## An example of using Python for text analysis.

Python can be used for a lot more than crunching big datasets of numbers, for example it can be used in the humanities/arts for the analysis of textual data.

In this notebook you will design and build some Python code to analyse Jane Austin's famous novel [*Pride and Prejudice*](https://en.wikipedia.org/wiki/Pride_and_Prejudice).

As you may know, *Pride and Prejudice* deals with the stormy relationship between the heroine, Elizabeth Bennett, and Mr Darcy. Written in a pre-feminist era (1813), but by a female author and with a female lead, we could be interested in how the book manages the power balance between these two characters.
![](https://upload.wikimedia.org/wikipedia/commons/2/22/PrideandPrejudiceCH3.jpg)

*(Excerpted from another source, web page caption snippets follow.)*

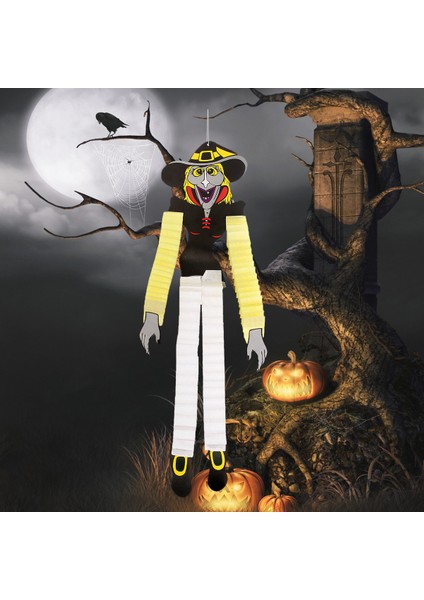 Cadılar Bayramı Asılı Cadı Kağıt Parti Dekorasyon Kolye Dekor Püskül Yeni (Null) (Yurt Dışından) indirimleri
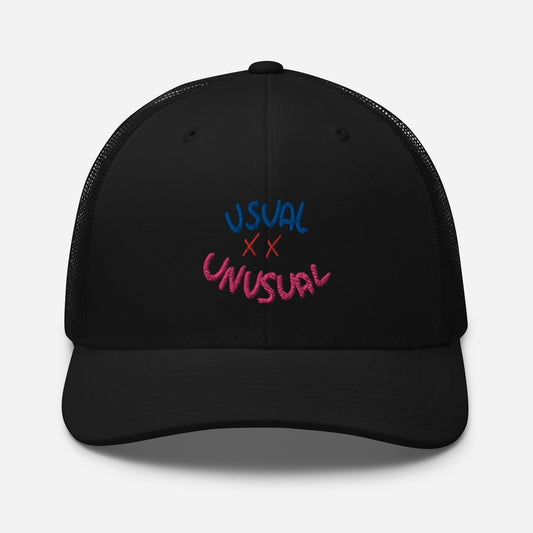 USUAL XOXO UNUSUAL CAP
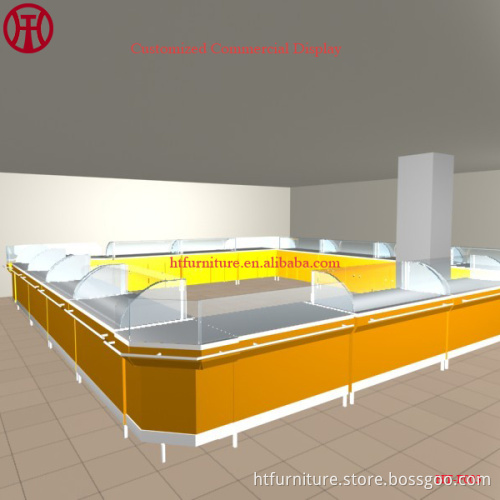 environmental bread Kiosk custom for sale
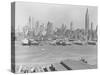 Manhattan Site from New Jersey-Philip Gendreau-Stretched Canvas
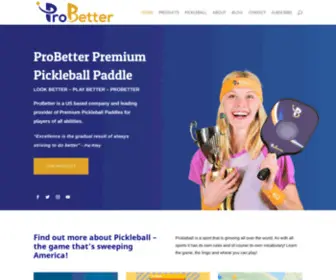 Probetter.com(ProBetter) Screenshot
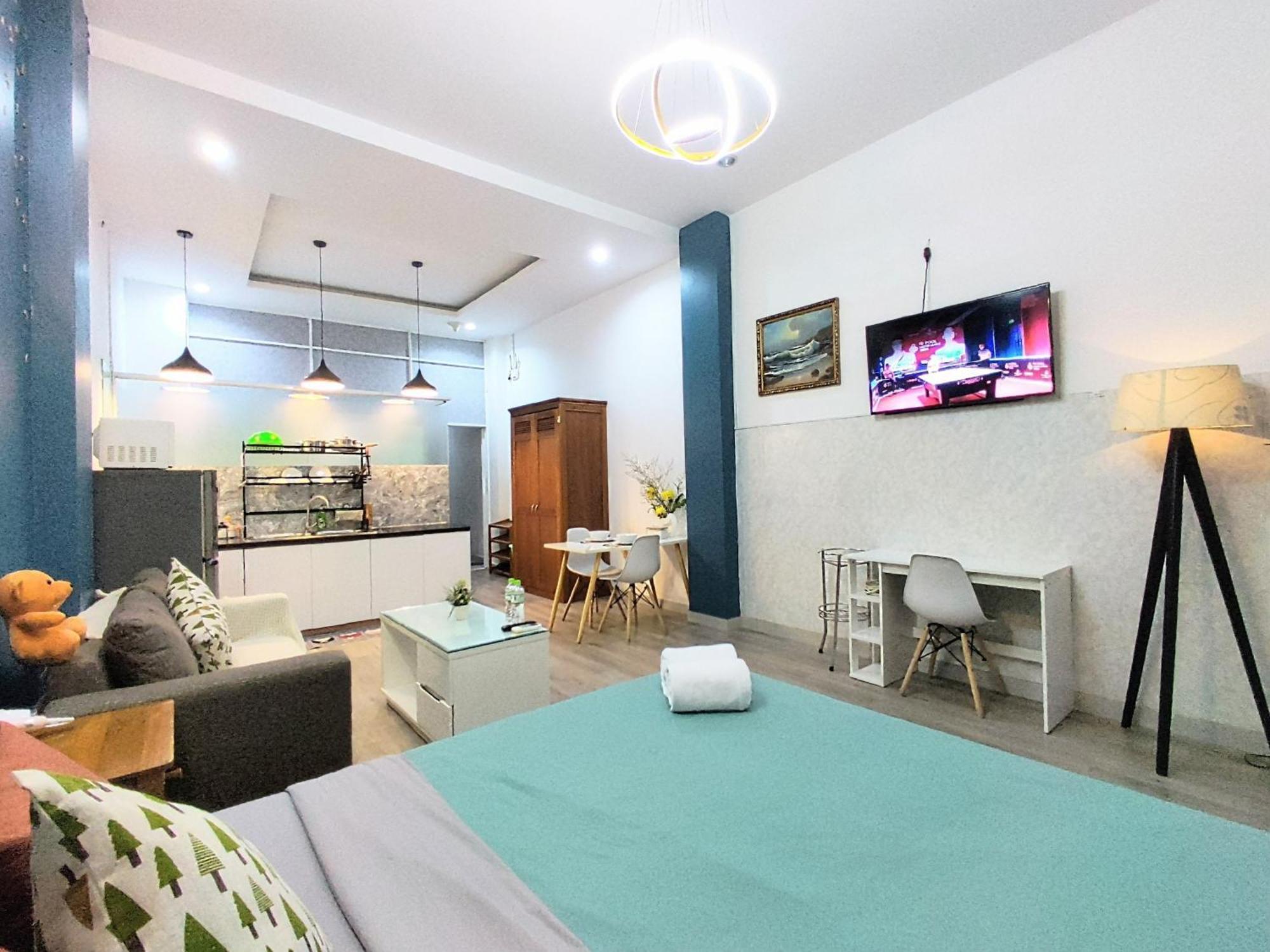 Eco Saigon Apartments Ciudad Ho Chi Minh  Exterior foto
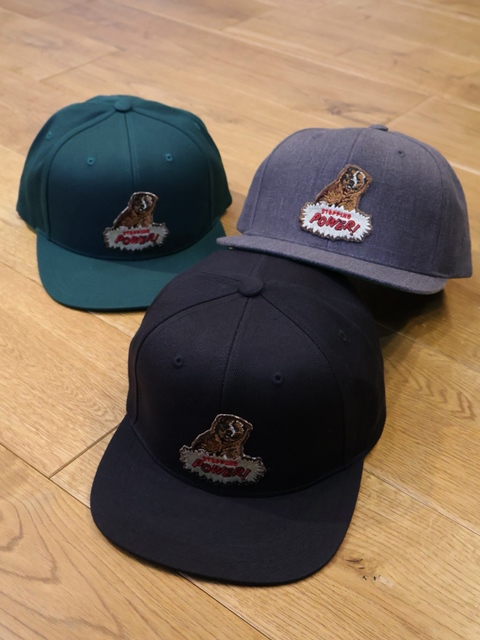 MASSES　「FULL PANEL CAP BEER」　　6パネルベースボールキャップ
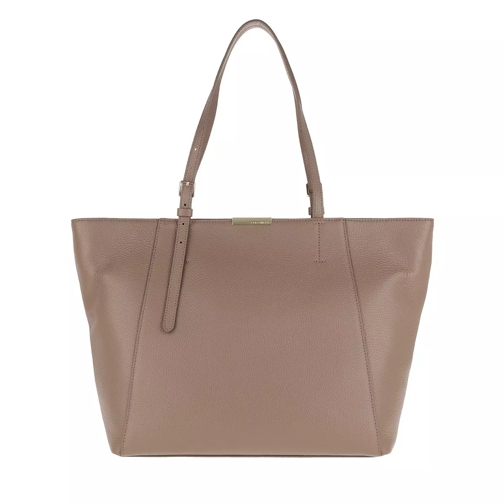 Coccinelle Cher Shopping Bag Taupe Boodschappentas
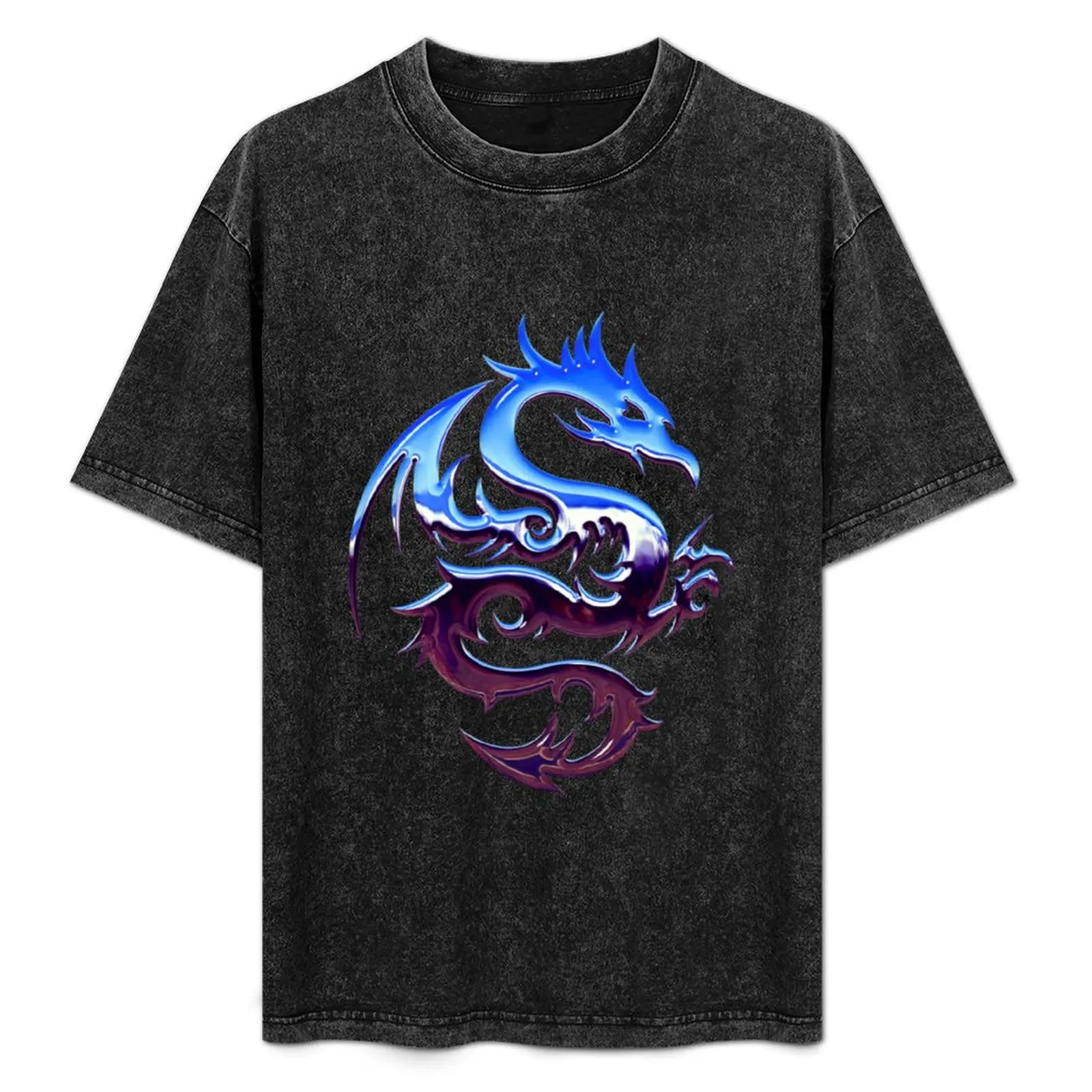 

dragon T-Shirt Sports Casual Short Sleeve Cotton Tee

In this very simple analysis, you will use Python to answer these questions:

1) Relatively how often are Elizabeth and Darcy's names mentioned?
2) In sentences where both characters are mentioned, how often is Elizabeth's name mentioned first, and how many times is Darcy's name mentioned first?

To complete this task, you will write some Python functions. You will be provided with some tips on how to approach this, but the details are up to you.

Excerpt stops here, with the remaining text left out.